Clearing the Temple 5

Psalm 10:4

Every time we leave on a trip we go through the ritual of packing the van with all of our luggage – clothes, pillows, books, food, and on and on. Everything has to go in a certain way, the suitcases and boxes all fitting in an intricate pattern so that there is room for it all. If we don’t pack the van right we end up with something that won’t fit, and we risk not having all we need for our trip.

The same is true with our relationship with God. Our hearts and our minds, the things we desire and focus on, even the activities that we involve ourselves in only have so much room. We must fill our lives and our spirits with essential things and not allow other matters to push out what is important.

Psalm 10 makes an observation about attitudes. What does the psalmist say about the wicked person? Why does the wicked person not seek God?

We can sit in judgment of any person with the label of “wicked.” Surely a wicked person is one who causes hurt to others and is selfish in all ways. The wicked are not like us at all.

Or are they?

The psalmist explains that the wicked person does not seek God. Why not? Because of pride.

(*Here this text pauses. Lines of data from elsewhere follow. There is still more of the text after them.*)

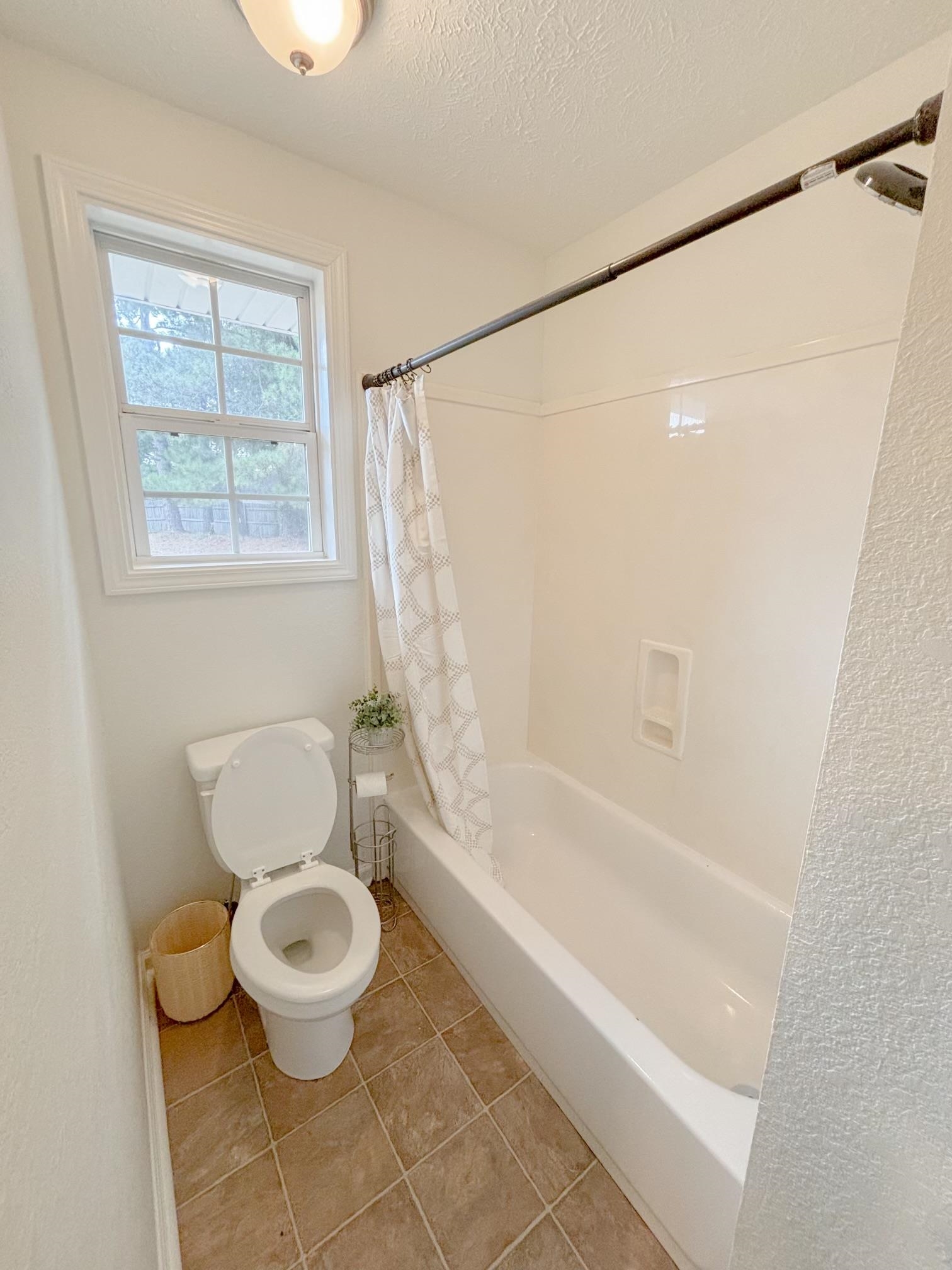 1695 Dawson Road Brighton, TN 38011 - Photo 8 of 13 Bathroom with tile patterned flooring, toilet, a textured ceiling, and shower / bathtub combination with curtain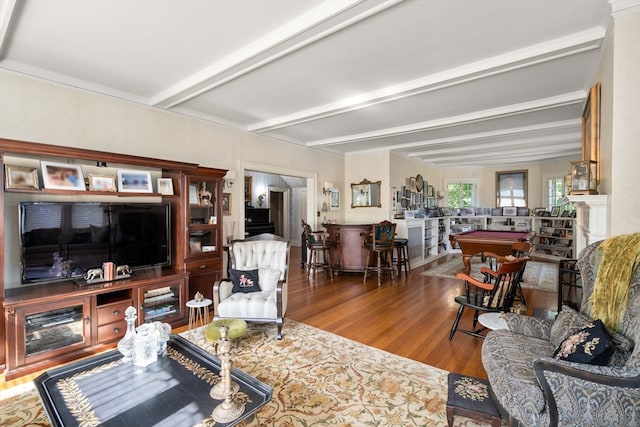 living room with a fireplace, beam ceiling, and hardwood / wood-style floors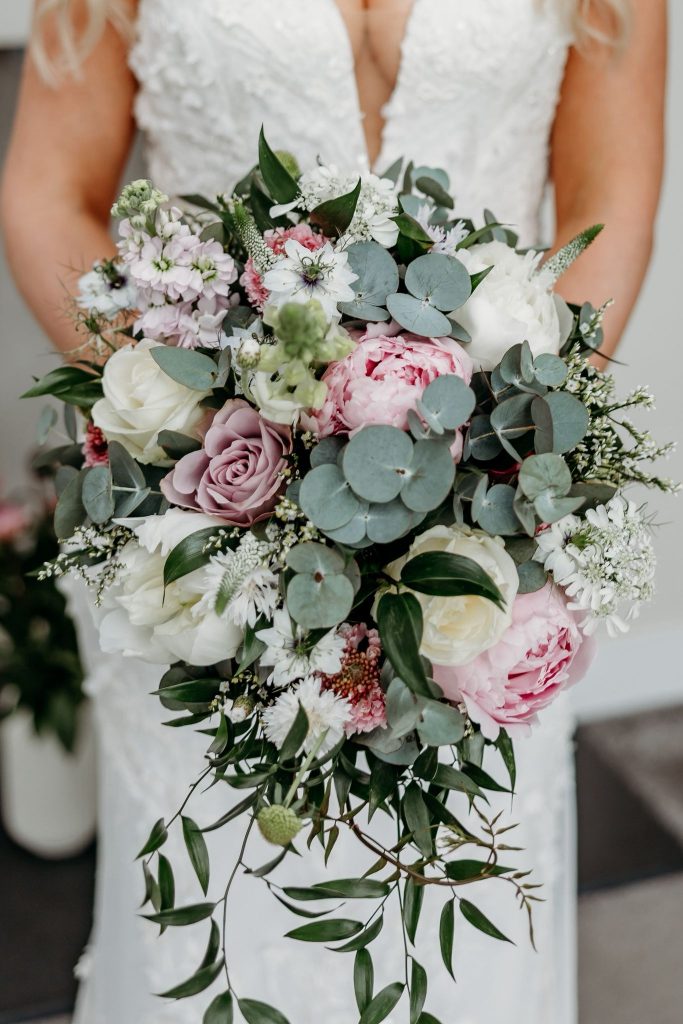 Pale pinks and white bridal bouquet close up by The Flowers of May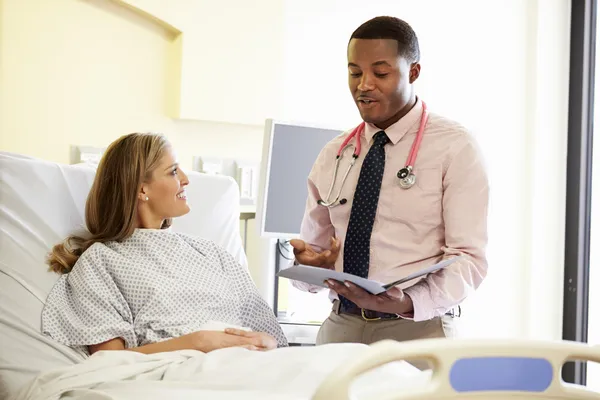 Médecin parlant à une patiente dans une chambre d'hôpital — Photo
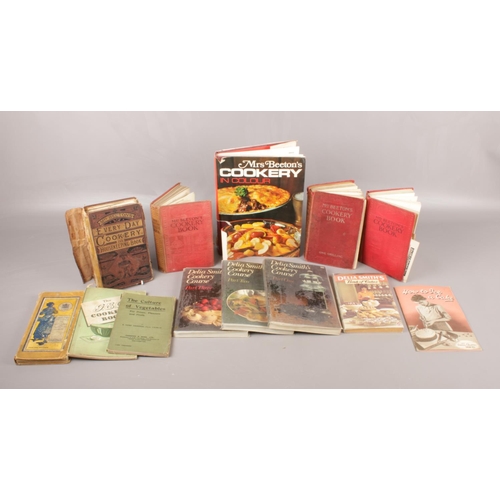 12 - A selection of vintage cookery books. To include five Mrs Beeton's books, four Delia Smith's and a '... 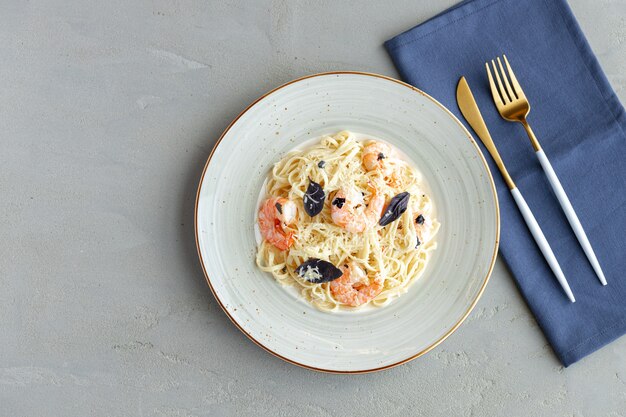 Pasta de mariscos con camarones y salsa de crema servida en un plato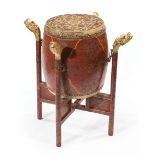 Chinese Polychrome and Gilt Decorated Red Lacquer Drum on Stand , early 20th c., drum with hide ends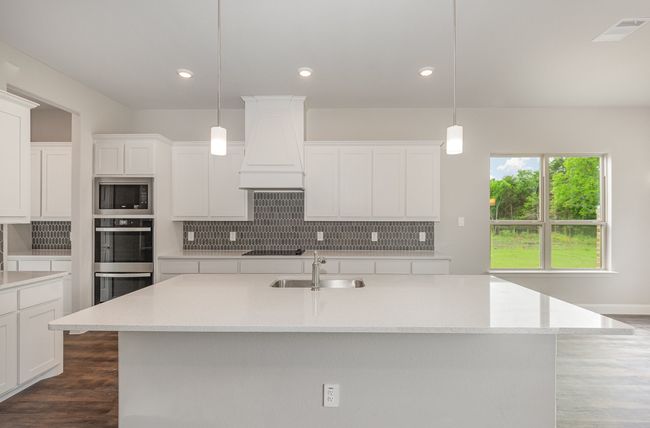 Kitchen featuring premium range hood, stainless steel appliances, tasteful backsplash, a sink, and white cabinets | Image 9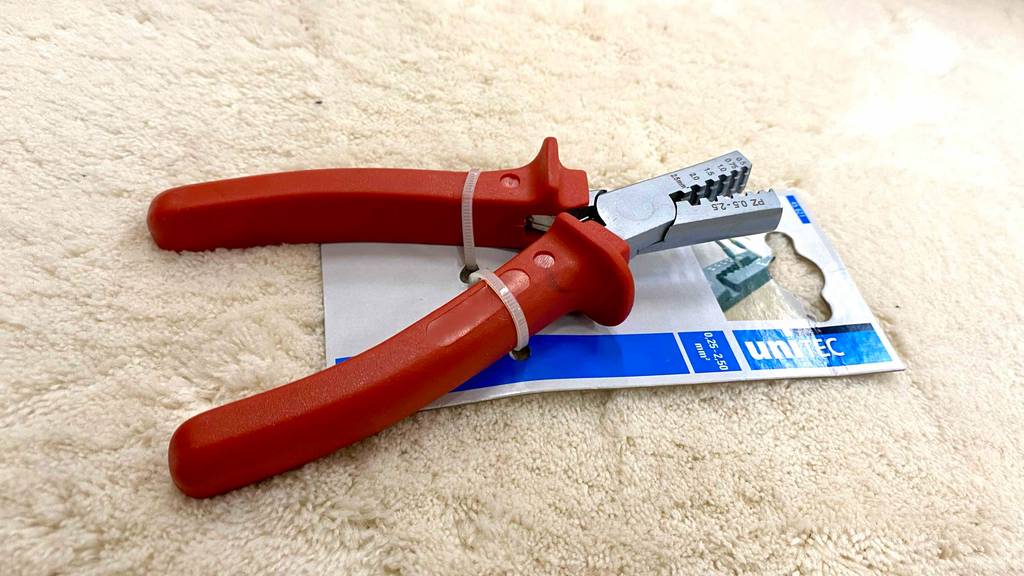 Aderendhülsenzange-Test: eine Aderendhülsenzange ist mit Kabelbindern an die Verpackung befestigt, welche auf einem beigefarbenen Teppich liegt.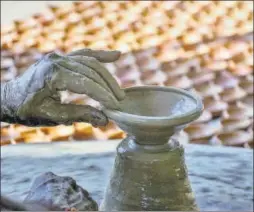  ?? PTI ?? A potter makes traditiona­l earthen lamps ahead of Diwali , in Guwahati on Thursday.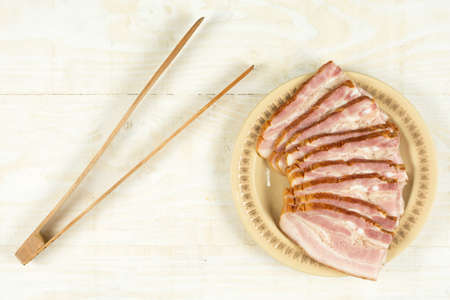 Sliced bacon on the plate above wooden board.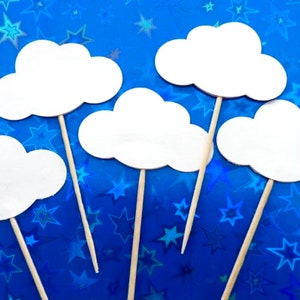 Op de afbeelding: Vijf witte cupcake-toppers in de vorm van een wolk met houten stokjes. De toppers zijn tegen een blauwe achtergrond met witte sterren.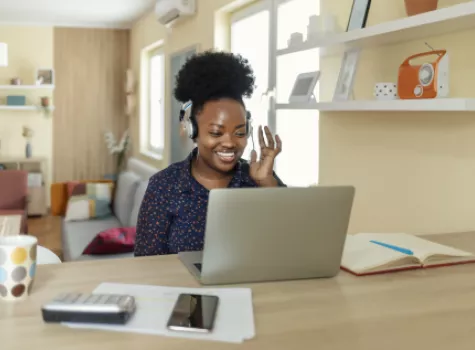 Black Woman Wearing Headphones with Laptop - Indoors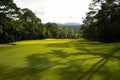 Background of evening golf course has sunlight shining down at golf course in Thailand Royalty Free Stock Photo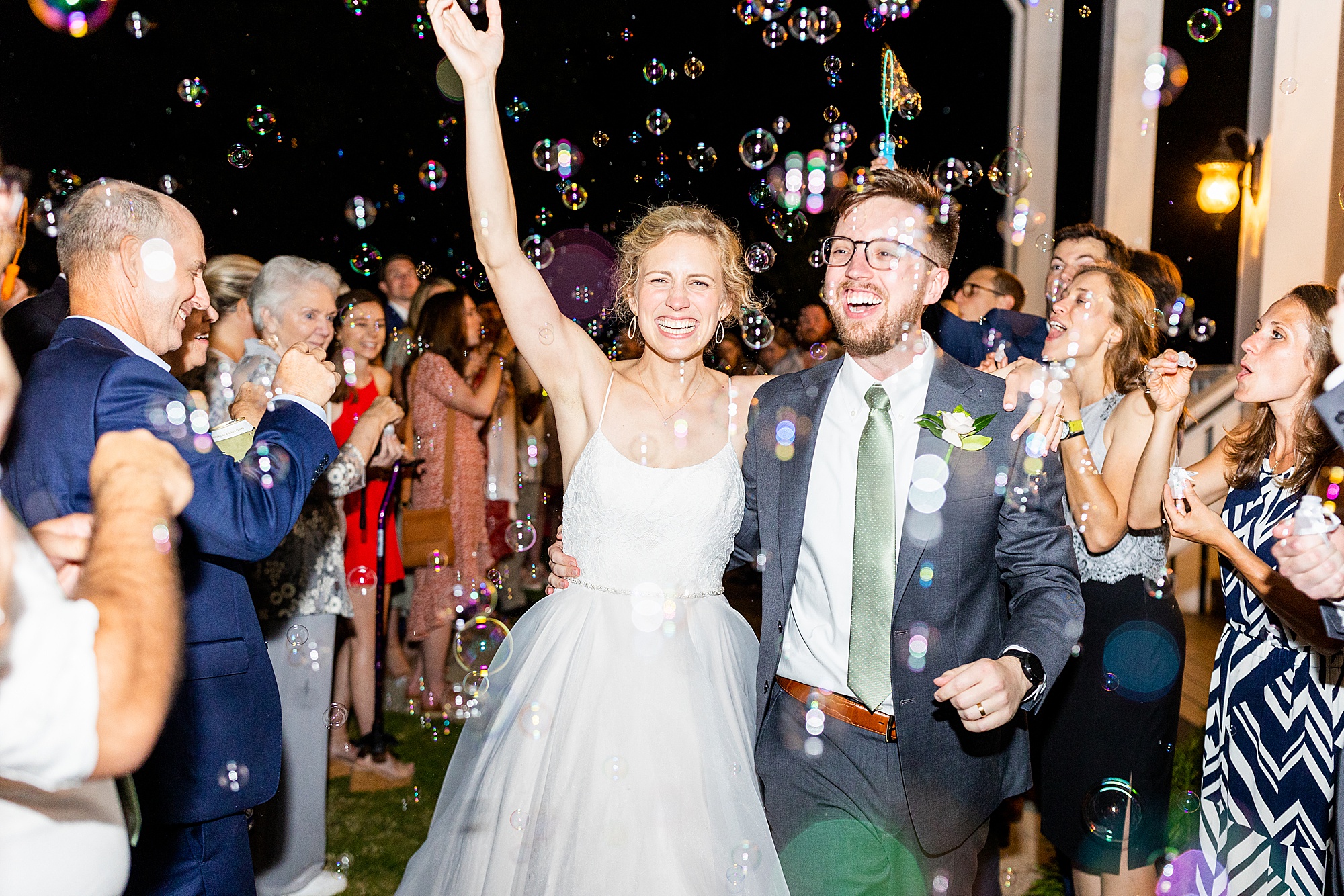 Eleanor Stenner Photography - a Birmingham, AL wedding photographer - photographs the Holland's grand exit 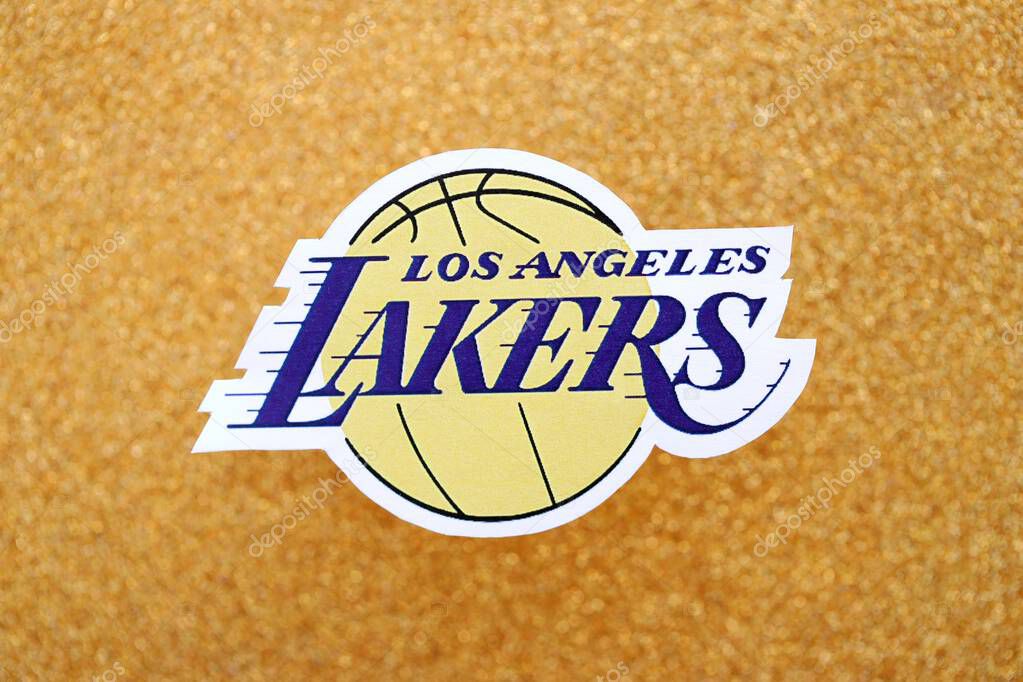 KYIV, UKRAINE - FEBRUARY 23, 2025 Los Angeles Lakers basketball team badge lies on golden yellow glitter background banner
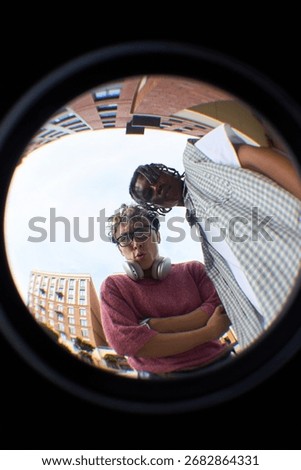 Fish eye view of two young men, Caucasian with curly hair and glasses, Black with braided hair, standing outdoors in urban setting, looking down into camera with serious expressions
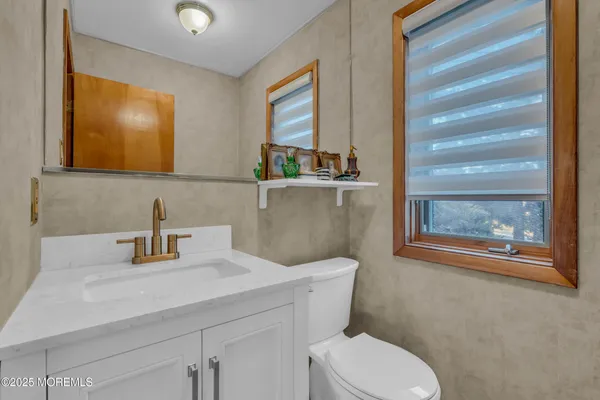 a bathroom with a toilet sink and mirror
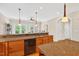 Kitchen featuring granite countertops, wood cabinets, an island and a breakfast bar at 8851 Mariner Dr, Raleigh, NC 27615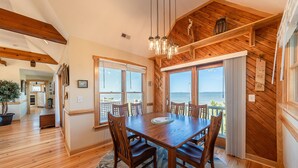 A spacious dining area with a wooden table and chairs, large windows with ocean views, and a wooden ceiling. - Doggone Perfect - Village at Nags Head, Soundfront, Golf Course View, Pool, Hot Tub, Pets OK (Nags Head)
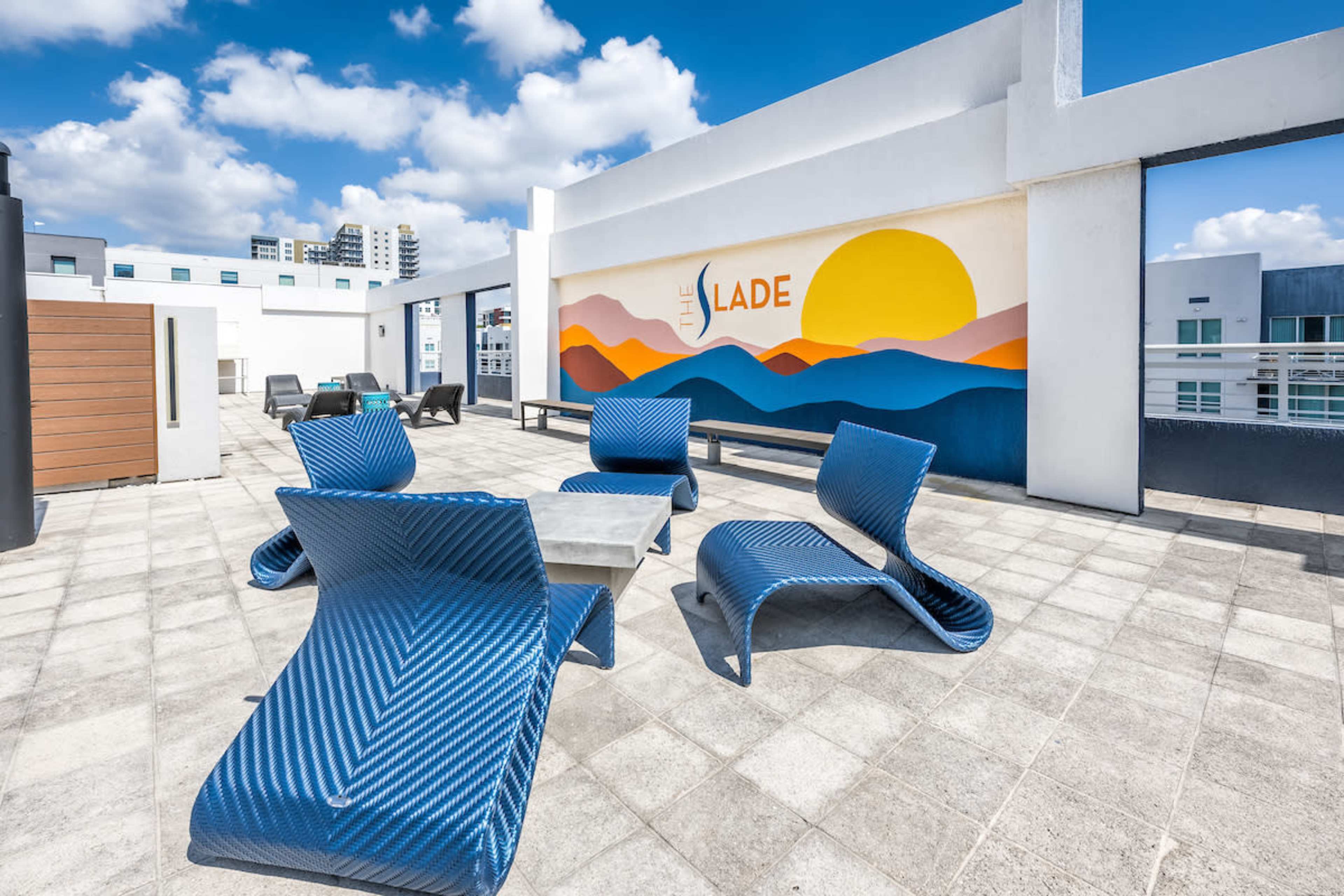 A rooftop terrace with blue lounge chairs, a table, and a colorful mural of mountains and a sun in the background.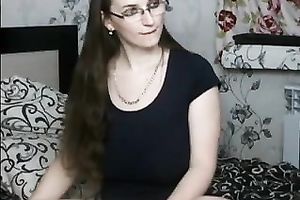 Long-haired milf wearing glasses strokes her wazoo in front of a web camera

The wicked person is so caught up in his own interests that he has no room in his thoughts for God.

Do those words describe us in any way? Do we allow our own interests and desires to crowd out God? It is so easy to get caught up in the business of work, spending time with friends and family, or watching all your favorite programs that you don’t have any room left for God.

We need to learn how to pack our hearts and minds with the right things so that we can be in a deep and rewarding relationship with our God. But before we do that we may need to clean out all the clutter that we have allowed to gather in our lives. We may need to clear a space in our hearts so that there is room enough for God.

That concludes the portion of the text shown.